Reading line by line from blob Storage in Windows Azure - windows
Is there any way to read line by line from a text file in the blob storage in windows Azure??
Thanks
Yes, you can do this with streams, and it doesn't necessarily require that you pull the entire file, though please read to the end (of the answer... not the file in question) because you may want to pull the whole file anyway.
Here is the code:
StorageCredentialsAccountAndKey credentials = new StorageCredentialsAccountAndKey(
"YourStorageAccountName",
"YourStorageAccountKey"
);
CloudStorageAccount account = new CloudStorageAccount(credentials, true);
CloudBlobClient client = new CloudBlobClient(account.BlobEndpoint.AbsoluteUri, account.Credentials);
CloudBlobContainer container = client.GetContainerReference("test");
CloudBlob blob = container.GetBlobReference("CloudBlob.txt");
using (var stream = blob.OpenRead())
{
using (StreamReader reader = new StreamReader(stream))
{
while (!reader.EndOfStream)
{
Console.WriteLine(reader.ReadLine());
}
}
}
I uploaded a text file called CloudBlob.txt to a container called test. The file was about 1.37 MB in size (I actually used the CloudBlob.cs file from GitHub copied into the same file six or seven times). I tried this out with a BlockBlob which is likely what you'll be dealing with since you are talking about a text file.
This gets a reference to the BLOB as usualy, then I call the OpenRead() method off the CloudBlob object which returns you a BlobStream that you can then wrap in a StreamReader to get you the ReadLine method.
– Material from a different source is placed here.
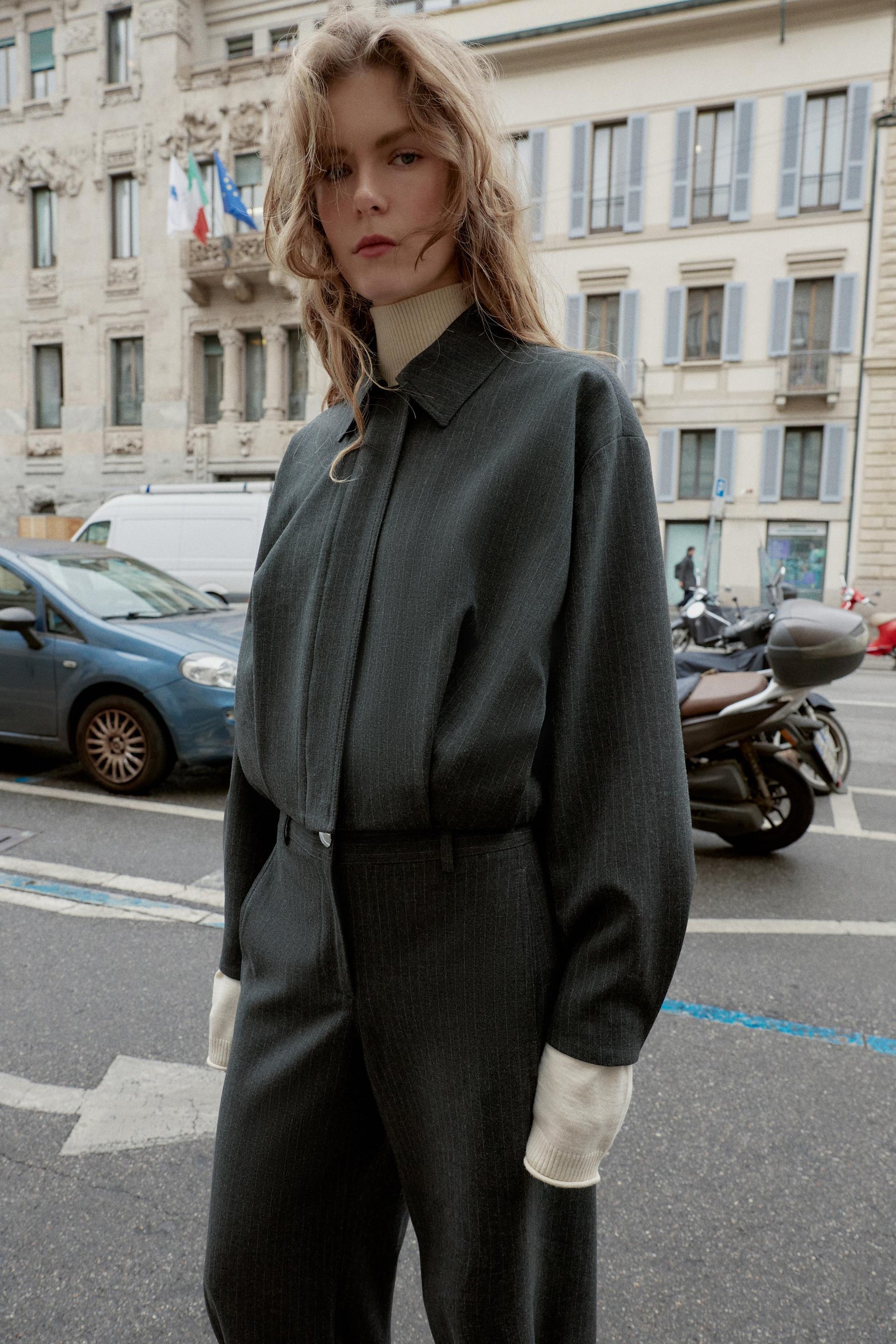 SHORT PINSTRIPE BALLOON BOMBER JACKET - Image 2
I ran fiddler with this and noticed that it ended up calling up to get additional blocks three times to complete the file. It looks like the BlobStream has a few properties and such you can use to tweak the amount of reading ahead you have to do, but I didn't try adjusting them. According to one reference I found the retry policy also works at the last read level, so it won't attempt to re-read the whole thing again, just the last request that failed. Quoted here:
Lastly, the DownloadToFile/ByteArray/Stream/Text() methods performs it’s entire download in a single streaming get. If you use CloudBlob.OpenRead() method it will utilize the BlobReadStream abstraction which will download the blob one block at a time as it is consumed. If a connection error occurs, then only that one block will need to be re-downloaded(according to the configured RetryPolicy). Also, this will potentially help improve performance as the client may not need cache a large amount of data locally. For large blobs this can help significantly, however be aware that you will be performing a higher number of overall transactions against the service. -- Joe Giardino
I think it is important to note the caution that Joe points out in that this will lead to an overall larger number of transactions against your storage account. However, depending on your requirements this may still be the option you are looking for.
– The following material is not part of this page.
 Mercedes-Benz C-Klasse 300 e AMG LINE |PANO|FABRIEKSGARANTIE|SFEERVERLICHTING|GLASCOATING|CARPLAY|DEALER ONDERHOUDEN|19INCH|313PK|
If these are massive files and you are doing a lot of this then it could many, many transactions (though you could see if you can tweak the properties on the BlobStream to increase the amount of blocks retrieved at a time, etc). It may still make sense to do a DownloadFromStream on the CloudBlob (which will pull the entire contents down), then read from that stream the same way I did above.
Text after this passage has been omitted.